Hablo de países europeos (es decir el Reino Unido) en este caso, ya que los estadounidenses sí atesoraban una breve aunque notable tradición edafológica, muy respetada en el viejo continente. Ahora bien, el problema no estriba en aceptar una lengua común, sino en escoger una determinada que beneficia a algunos y perjudica a otros. En este caso “el olvido de la ciencia” llevada a cabo en muchos países fue dramático e injustificado. No cabe duda que hubiera sido más justo, abrazar una lengua muerta (el latín, por ejemplo, utilizado durante siglos como lenguaje de la ciencia) o el esperanto. De este modo, todos jugarían con las mismas cartas ¿O no?.

Cuando uno escribe un trabajo experimental, o con fuertes contenidos matemáticos, tal agravio resulta menor, por cuanto, el material escrito no demanda un conocimiento profundo de otro idioma. Ahora bien, para otro tipo de indagaciones, como las teóricas, descriptivas, etc., el resultado ha sido demoledor. Y hoy andan pavoneándose, como adalides de la indagación científica, escuelas antaño consideradas menores  con toda justicia. El tema es un tanto más complejo de lo que cabría esperar en primera instancia, como consecuencia de que tras el idioma se esconden subversivamente ciertas maneras de razonar y expresarse idiosincrásicas de otras culturas y tradiciones científicas.

El razonamiento anglosajón resulta ser tan idiosincrásico como cualquier otro. Así, por ejemplo, en materia de filosofía, existen incluso expertos que segregan a los continentales (léase aquí el resto de europeos) de los anglosajones. No se trata pues exclusivamente de idiomas, sino de razonar, expresarse, redactar, etc. De este modo, cuando se escribe un libro, por ejemplo, los problemas se multiplican para los no anglosajones. Ellos han impuesto tanto un idioma como una manera de redactar que a otros les resulta difícil de asimilar, sino lo han adquirido en su infancia. Tales hechos inflan el rol desempeñado hasta hace 25 años por ingleses y norteamericanos en numerosas ramas de la ciencia.

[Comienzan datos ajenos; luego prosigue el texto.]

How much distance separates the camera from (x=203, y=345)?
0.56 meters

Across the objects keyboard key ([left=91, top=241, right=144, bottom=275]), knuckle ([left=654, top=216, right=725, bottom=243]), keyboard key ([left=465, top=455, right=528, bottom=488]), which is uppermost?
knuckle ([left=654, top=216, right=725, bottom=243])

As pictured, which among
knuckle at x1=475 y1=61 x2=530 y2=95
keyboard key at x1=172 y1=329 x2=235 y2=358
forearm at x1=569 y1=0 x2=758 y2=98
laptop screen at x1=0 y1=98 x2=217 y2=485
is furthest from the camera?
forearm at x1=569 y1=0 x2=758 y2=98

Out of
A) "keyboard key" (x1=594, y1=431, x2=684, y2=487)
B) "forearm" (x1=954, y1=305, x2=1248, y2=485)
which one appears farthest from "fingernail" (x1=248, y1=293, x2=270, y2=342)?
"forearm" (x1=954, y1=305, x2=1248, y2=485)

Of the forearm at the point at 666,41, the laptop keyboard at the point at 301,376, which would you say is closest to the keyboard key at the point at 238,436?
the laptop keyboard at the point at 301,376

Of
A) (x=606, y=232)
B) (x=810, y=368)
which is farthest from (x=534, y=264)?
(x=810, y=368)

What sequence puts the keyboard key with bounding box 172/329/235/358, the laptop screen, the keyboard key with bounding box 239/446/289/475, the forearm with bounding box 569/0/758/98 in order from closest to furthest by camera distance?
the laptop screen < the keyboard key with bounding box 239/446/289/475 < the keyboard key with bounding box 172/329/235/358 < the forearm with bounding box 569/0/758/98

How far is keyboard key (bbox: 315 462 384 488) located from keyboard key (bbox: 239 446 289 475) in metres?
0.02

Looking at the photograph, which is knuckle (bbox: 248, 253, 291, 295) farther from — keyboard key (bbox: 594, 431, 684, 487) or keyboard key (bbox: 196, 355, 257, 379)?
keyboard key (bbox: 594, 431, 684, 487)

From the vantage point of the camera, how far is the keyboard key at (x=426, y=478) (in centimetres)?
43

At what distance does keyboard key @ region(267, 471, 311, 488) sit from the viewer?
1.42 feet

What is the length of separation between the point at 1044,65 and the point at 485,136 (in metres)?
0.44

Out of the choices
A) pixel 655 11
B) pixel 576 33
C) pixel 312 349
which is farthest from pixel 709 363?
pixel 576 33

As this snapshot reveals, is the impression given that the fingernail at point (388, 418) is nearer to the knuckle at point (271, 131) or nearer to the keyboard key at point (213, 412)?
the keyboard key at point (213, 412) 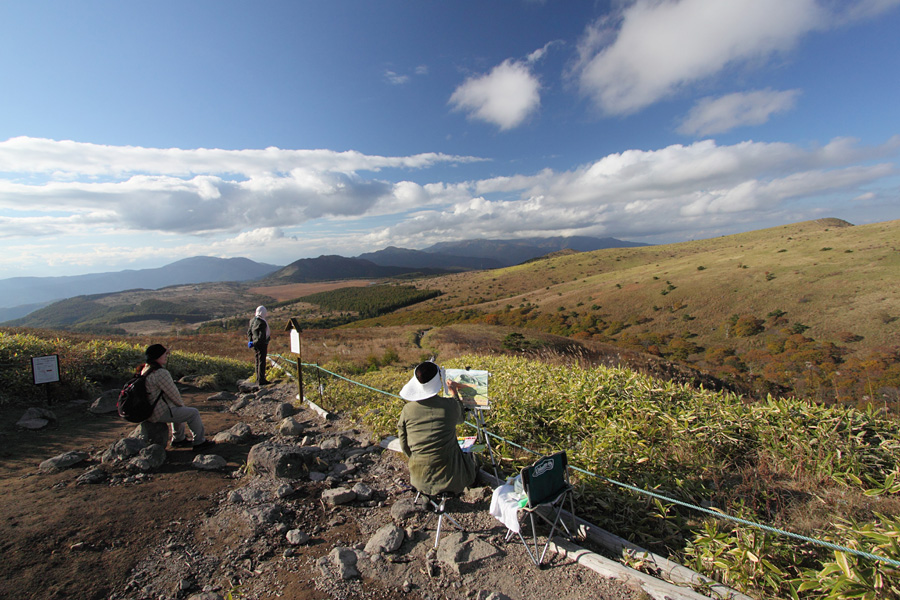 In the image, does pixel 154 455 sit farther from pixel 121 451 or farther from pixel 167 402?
pixel 167 402

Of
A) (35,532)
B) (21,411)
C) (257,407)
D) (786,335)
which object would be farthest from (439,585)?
(786,335)

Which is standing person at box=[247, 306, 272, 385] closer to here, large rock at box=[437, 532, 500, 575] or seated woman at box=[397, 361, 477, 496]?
seated woman at box=[397, 361, 477, 496]

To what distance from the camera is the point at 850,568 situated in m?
2.78

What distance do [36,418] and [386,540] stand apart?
24.9 feet

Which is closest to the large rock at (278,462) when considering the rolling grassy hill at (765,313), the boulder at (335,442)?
the boulder at (335,442)

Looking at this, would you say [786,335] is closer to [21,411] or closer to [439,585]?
[439,585]

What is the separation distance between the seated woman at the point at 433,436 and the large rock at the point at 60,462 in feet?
16.6

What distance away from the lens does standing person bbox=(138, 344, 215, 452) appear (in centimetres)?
585

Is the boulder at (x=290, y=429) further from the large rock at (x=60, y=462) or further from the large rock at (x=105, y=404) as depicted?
the large rock at (x=105, y=404)

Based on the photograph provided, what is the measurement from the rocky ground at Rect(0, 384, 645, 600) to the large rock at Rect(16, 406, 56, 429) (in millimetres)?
→ 338

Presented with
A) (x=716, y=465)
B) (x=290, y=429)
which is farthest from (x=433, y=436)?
(x=290, y=429)

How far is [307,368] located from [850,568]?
38.8ft

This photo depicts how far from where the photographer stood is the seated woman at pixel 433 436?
407cm

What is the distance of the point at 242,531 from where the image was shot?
4191 mm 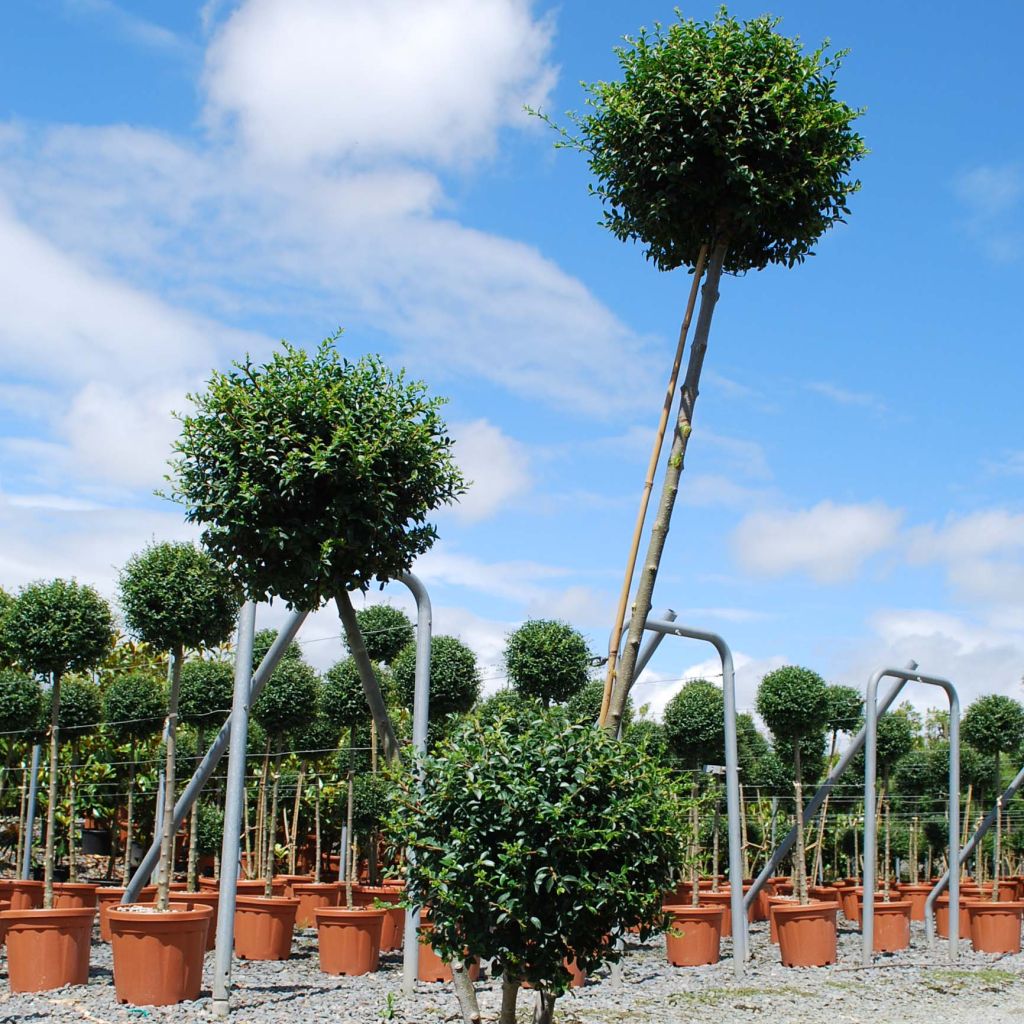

También cabe señalar que diferentes países atesoraban diferentes tradiciones o formas de enfocar los estudios científicos, siendo las disciplinas de los recursos naturales ejemplos palmarios. En consecuencia, aquella diversidad comenzó ha convertirse en un monólogo, olvidándose enfoques y perspectivas tanto o más válidos que los que finalmente prevalecieron. Como corolario, aunque a los anglosajones no les importe en absoluto, muchas ciencias salieron perdiendo, con independencia de nacionalidades y nacionalismos. Atesorar diferentes perspectivas de analizar un recurso natural será siempre mejor que ceñirse tan solo a una en concreto. Y quien lo niegue es un supino ignorante.

Obviamente a los investigadores menores de unos 40 años, estas líneas les resultarán anacrónicas, espetadas por una mente frustrada y/o trasnochada.  Lo entiendo perfectamente, por cuanto en la mayoría de los casos sus mentes son fruto de la cultura anglosajona, la hablen exquisitamente o no. No obstante, estoy completamente seguro de que si releyeran textos franceses, alemanes o rusos (existen buenas traducciones al español castellano e inglés, especialmente de los primeros) en los ámbitos de le edafología, geomorfología, vegetación, ecología, etc., con un poco de objetividad, cambiarían de opinión “necesariamente”.

Ahora bien, con ciertas dosis de humildad y apertura mental, tales agravios podrían haber podido ir corrigiéndose paulatinamente. No ha sido así. Al fin y al cabo, tras la Segunda Guerra Mundial,  el mundo anglosajón, devino en Imperio. Todos sabemos sobradamente que estos últimos, no regalan nada de nada, sino más bien todo lo contrario: imponen su cultura, su forma de pensar y expresarse, sacando provecho de todo lo que pueden. Bien lo saben en Latinoamérica, ¿verdad? (léase tanto el español como el anglosajón).

Releo en estos momentos ciertos libros clásicos franceses en materia de edafología y geomorfología, rememorando que se escribe hoy en la literatura del imperio. Es como para ponerse a llorar. Se trata de una pérdida cultural y científica irreparable. No olvidéis que en las editoriales científicas dominan, de un modo u otro, los anglosajones o sus vástagos mentalmente coloniales.

Ya veremos que ocurre si el eje del poder económico se desplaza  desde de occidente a los países asiáticos. En tal hipotético caso, finalmente, la edafología china se encumbrará a los altares,  mientras  que se razonará y redactará de “otra forma”.  ¡No lo dudéis!